Solido Capital’s Michael Corcoran and Beau Quarry aim to back small and medium developments.
Michael Corcoran, a veteran developer and the national president of the Urban Development Institute of Australia, has joined with wealthy private investor Gavin Donnelly to form Solido Capital and provide finance for development site acquisitions, construction and residual stock funding.
“We see the opportunity over the next two to three years to fill the void created by the banks,” Mr Corcoran said.
“Longer term we see a sustainable business model in supporting small to medium size developments, especially in the middle-ring suburbs of Melbourne, Sydney and Brisbane, which we believe the big banks will not be nimble enough to service.”
The tightening of bank credit for development has spawned a plethora of non-bank commercial property providers.
“We are not a broker, we are a fund, ” Mr Corcoran said.
Mr Donnelly seeded the business with $50 million.
“We have already placed over half of the first $50 million on acquisition finance to well-known developers who had established relationships with banks, but who have not been able to meet the bank’s financing or LVR [loan-to-valuation] needs late in the process,” Mr Corcoran said.
Early next year Solido plans to raise a further $300 million through a wholesale fund for high-net worth-investors. Initial returns to investors are expected to be about 10 per cent, though that would be reviewed as credit markets stabilise. Mr Donnelly, South African but now a resident in the US, is one of the founders of the insurance distributor Greenstone, which operates the Real Insurance brand and in which the giant Canadian pension fund Caisse de depot et placement du Quebec recently took a 44 per cent stake.

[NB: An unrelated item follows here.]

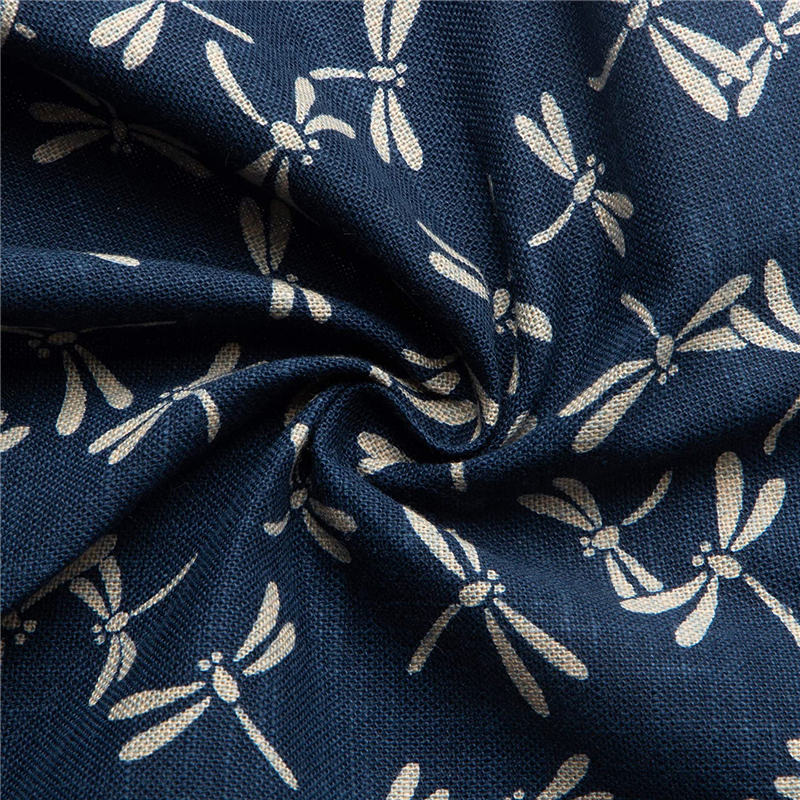 日本紐釦貿易 和風モダン柄生地 巾110cm×5m切売カット とんぼ柄 KP7090-26-5M 1枚（ご注文単位1枚）【直送品】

His Solido partner, Mr Corcoran, has worked in residential development and funding with Stockland, Mirvac and AV Jennings, and more recently advised AMP Capital and Proprium Capital Partners. Their managing director at Solido, Beau Quarry, started in corporate treasury but moved through private equity and distressed lending to development, most recently in London housing.
Their business model is to provide funding within four weeks. First-mortgage LVRs will be 65-70 per cent, pre-sale covenants will be assessed on a project-by-project basis and current interest rates are about 12-14 per cent, which Mr Corcoran described as “very competitive”.
Mr Corcoran said the market for development finance would change over the next five years.
“In the UK 40 per cent of development finance is through non-bank lenders.
In the US, it is 60 to 70 per cent. But in Australia the figure is only 20 to 25 per cent,” he said. “I think the alternative financing model will provide 40 per cent of development finance within five years.”
Mr Corcoran said the “robust” middle-ring suburbs would need much small-scale infill development, which the banks would struggle to fund.
“I am a huge fan of the middle-ring markets in Melbourne, Sydney, Brisbane, which are supply-constrained and backed by well-heeled owner-occupiers and investors,” he said.